THE TASK: Once the images are set aside, print the remaining lines below exactly.

COLLECTED MATERIAL:
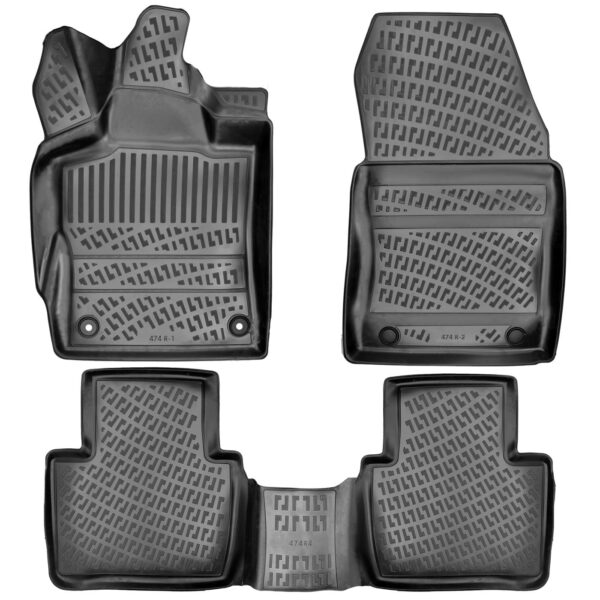 ROBUST 3D Gumeni patosnici korito Peugeot 408 2022-
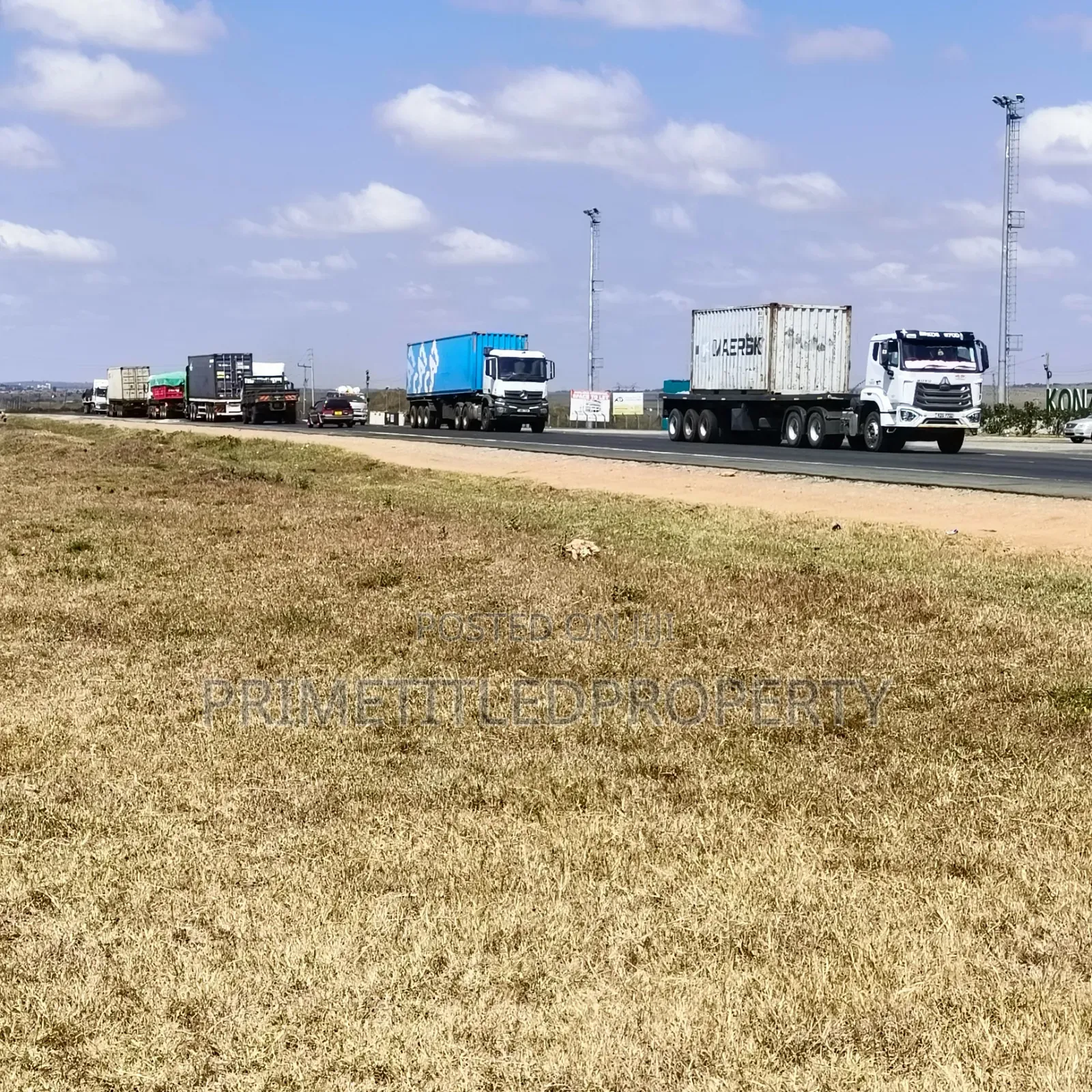 2 Acres Along Mombasa Road at Konza City Gate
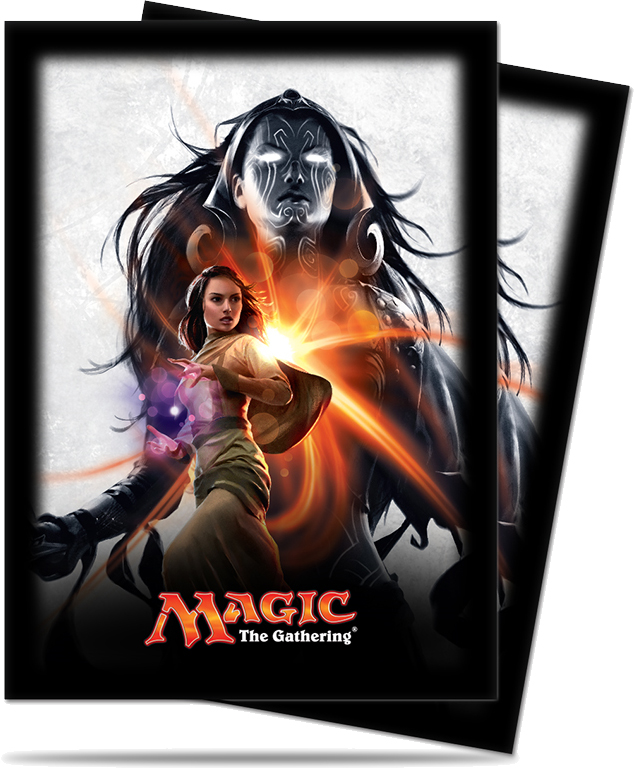 liliana card sleeves Foundations 100ct Deck Protector sleeves Dark for Magic: The Gathering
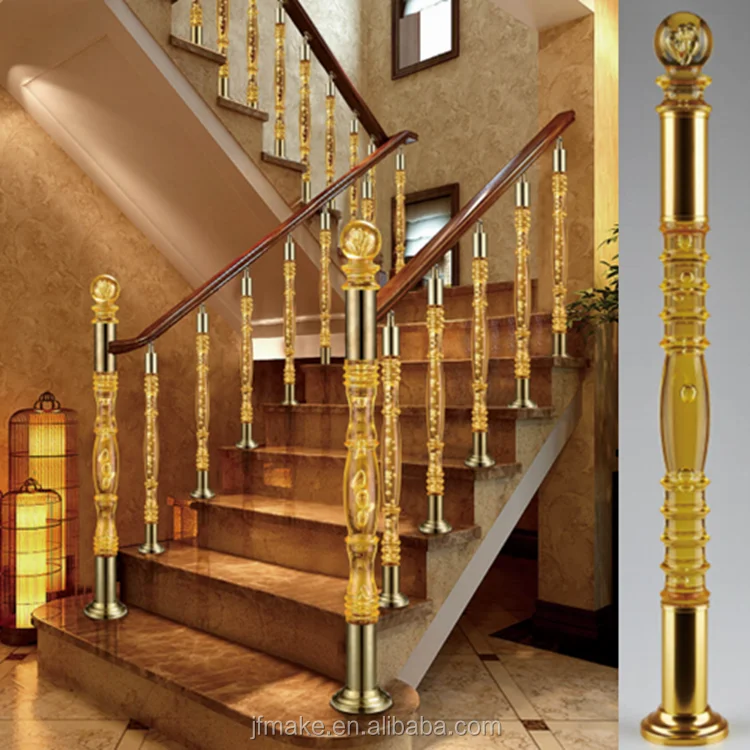 Transparent Plastic Acrylic Handrail Rod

EXERCISE ANSWER:
 ROBUST 3D Gumeni patosnici korito Peugeot 408 2022-
 2 Acres Along Mombasa Road at Konza City Gate
 liliana card sleeves Foundations 100ct Deck Protector sleeves Dark for Magic: The Gathering
 Transparent Plastic Acrylic Handrail Rod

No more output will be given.